**Exercise:**
Would you write out the lines below exactly, from the one containing "921 W Grand Ave — Photo 9" to the very last, but without the pictures?

**Records supplied:**
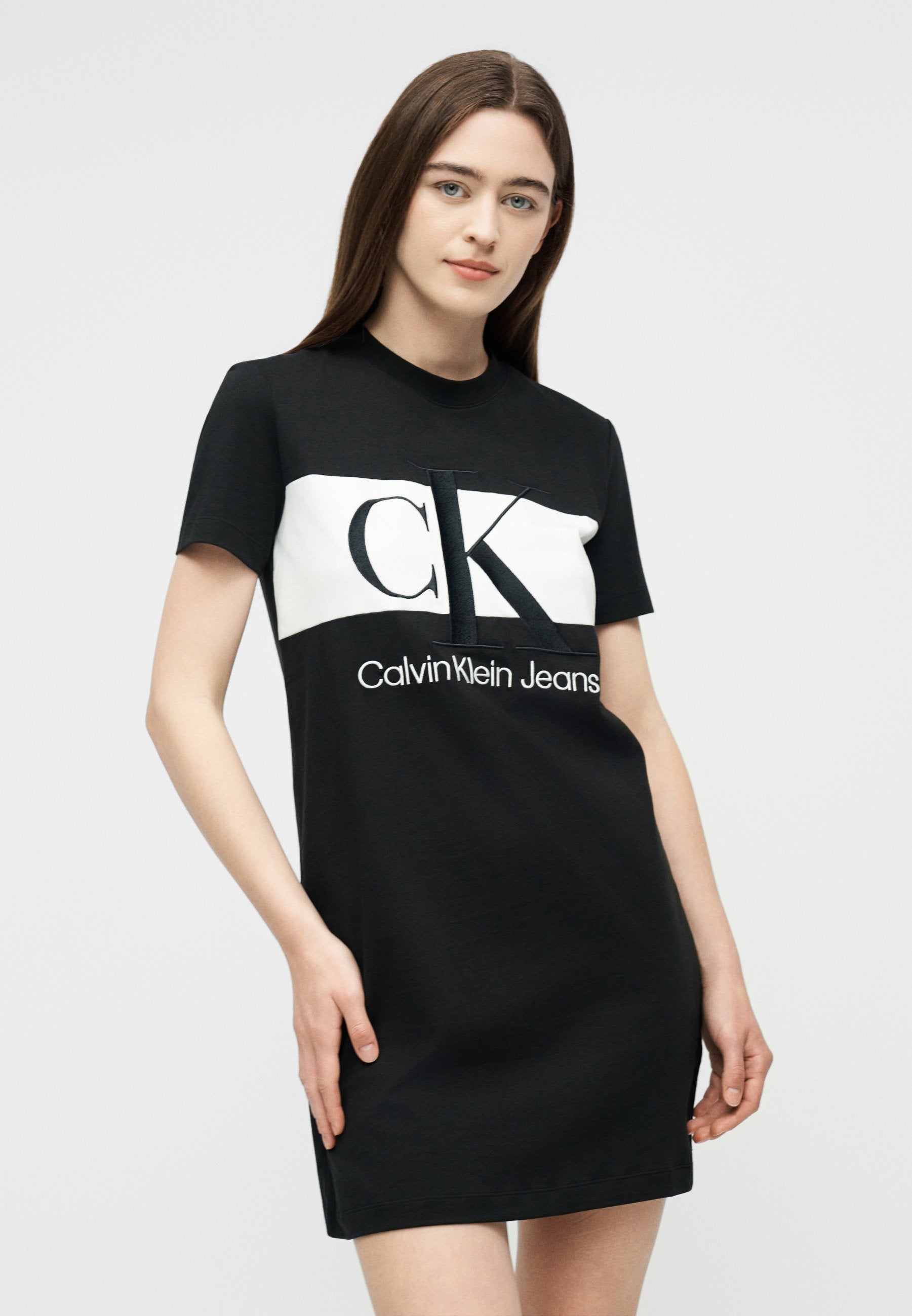 BLOCKING - T-Shirt Dress - black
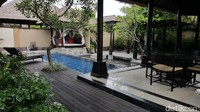 One Bedroom Villa luasnya 350 m2 dan Presidential Suite Three Bedroom Villa luasnya 700 m2. One-Bedroom Villa mulai dari Rp 4,5 juta++ dan Presidential Villa mulai dari Rp 19 juta ++ per malam (Fitraya/detikTravel)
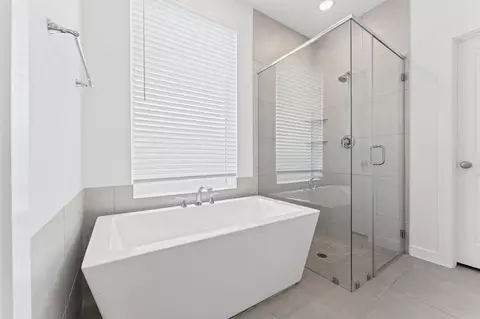 Bath - 5110 Sistine Dr, Arcola, TX 77583 photo 4 of 4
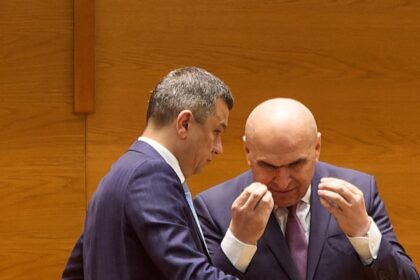 grindeanu i a cerut lui bolojan demiterea rezistei de la mediu si desfiintarea esz prahova care a lasat oamenii fara apa surse 693815eb52bff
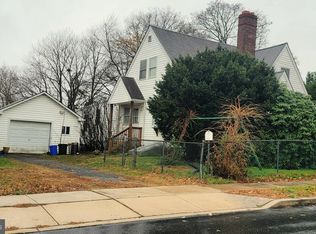 3141 Roberts Rd, Aston, PA 19014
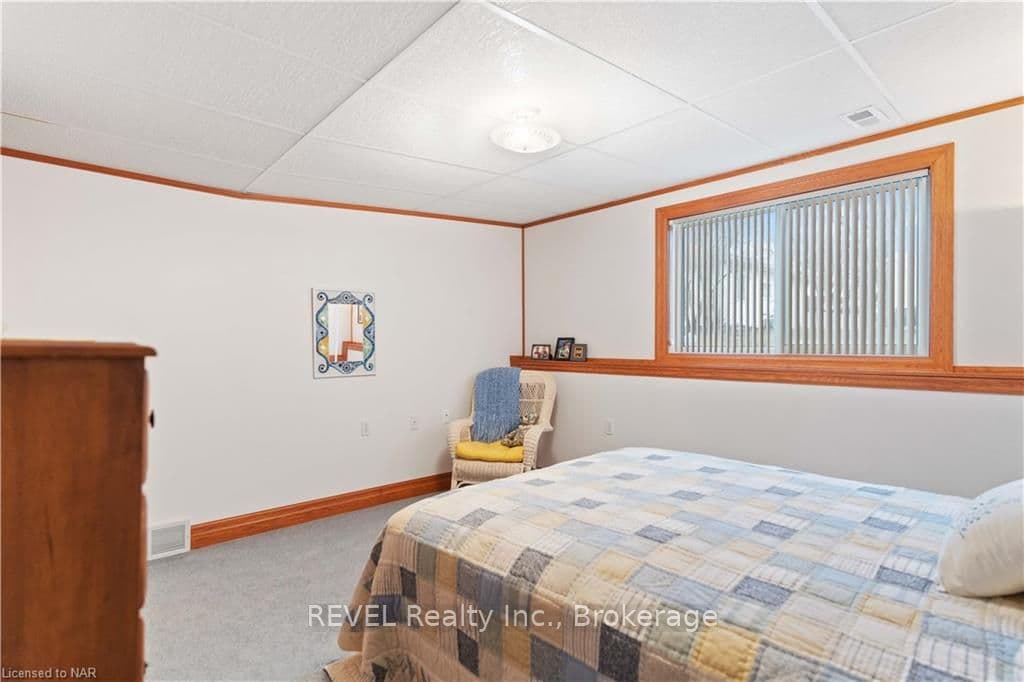 4128 BRIDGEWATER Street photo 32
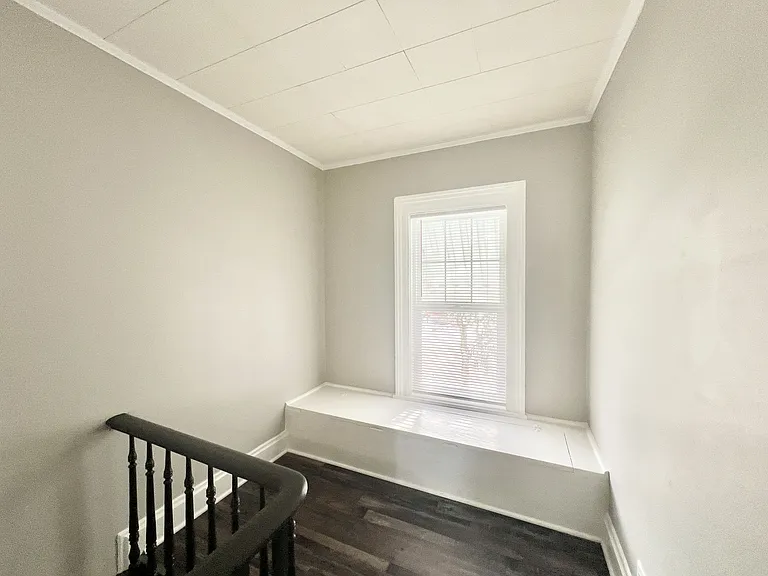 921 W Grand Ave — Photo 9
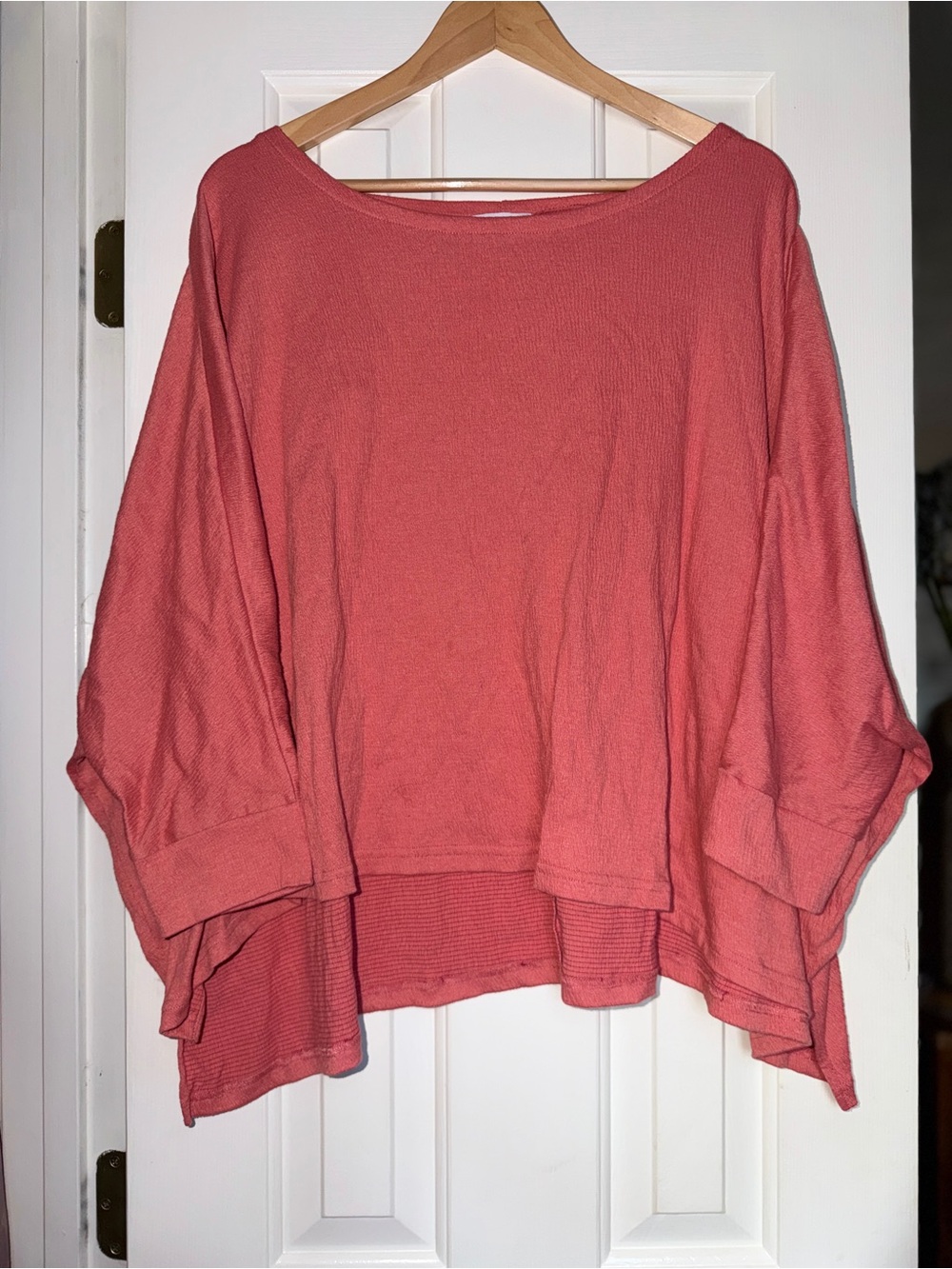Coral Oversized Boxy Knit Top. Sz L‎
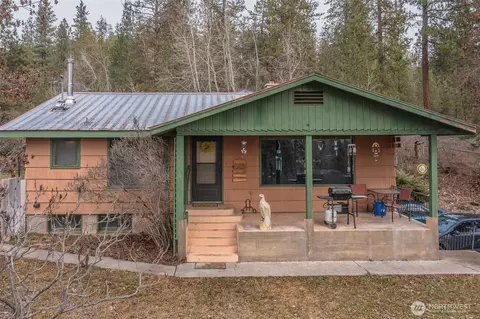 2383 Burnt Valley Rd #B, Chewelah, WA 99109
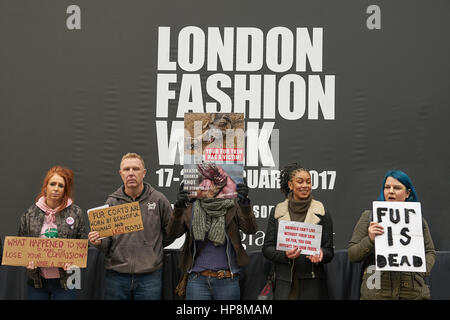 Londra, Regno Unito. 19th febbraio 2017. Settimana Della Moda A Londra. Protesta contro l'uso della pelliccia Foto Stock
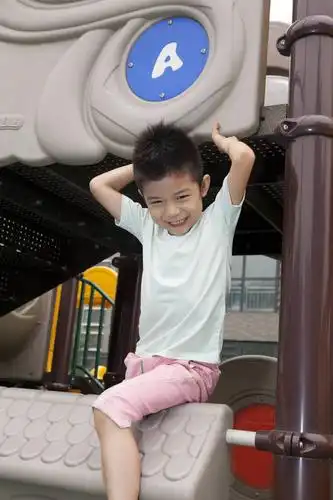 攀登,竖图,彩色,室外,白天,侧面,快乐,幸福,纯洁,北京,中国,图片,小孩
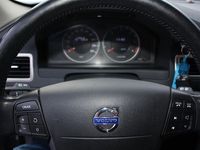 Gebraucht Volvo V70 163 PS (119 kW) 2008 Schwarz metallic Kombi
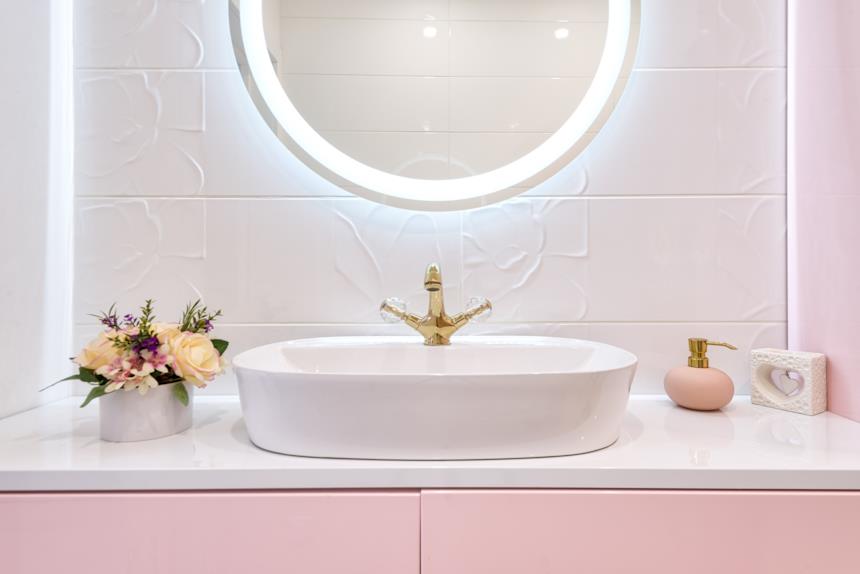 Lavabo con specchio retroilluminato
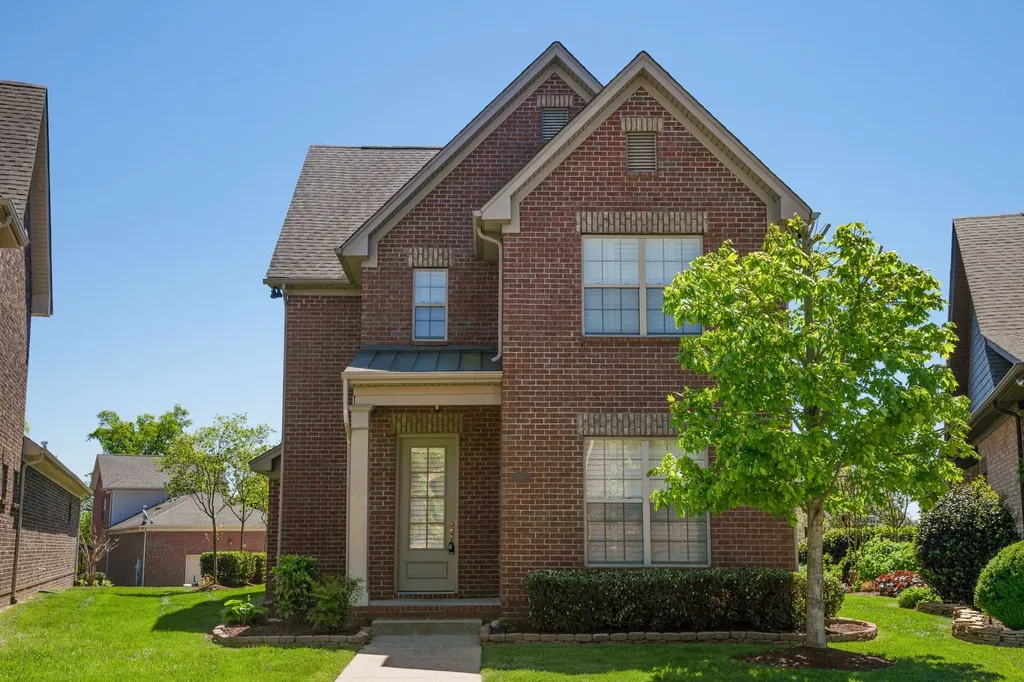 1100 Paddock Park Circle Gallatin TN 37066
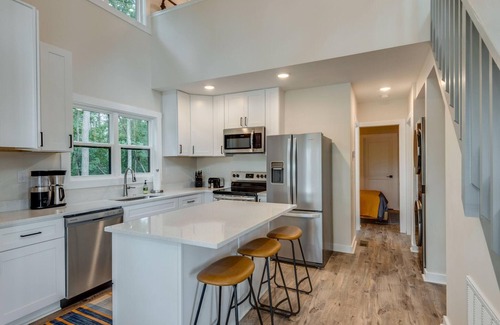 Tracy City Cabina | Modern cozy lakeview retreat for 6 close to hiking, Sewanee, and the Caverns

**Your solution:**
 921 W Grand Ave — Photo 9
Coral Oversized Boxy Knit Top. Sz L‎
 2383 Burnt Valley Rd #B, Chewelah, WA 99109
 Londra, Regno Unito. 19th febbraio 2017. Settimana Della Moda A Londra. Protesta contro l'uso della pelliccia Foto Stock
 攀登,竖图,彩色,室外,白天,侧面,快乐,幸福,纯洁,北京,中国,图片,小孩
 Gebraucht Volvo V70 163 PS (119 kW) 2008 Schwarz metallic Kombi
 Lavabo con specchio retroilluminato
 1100 Paddock Park Circle Gallatin TN 37066
 Tracy City Cabina | Modern cozy lakeview retreat for 6 close to hiking, Sewanee, and the Caverns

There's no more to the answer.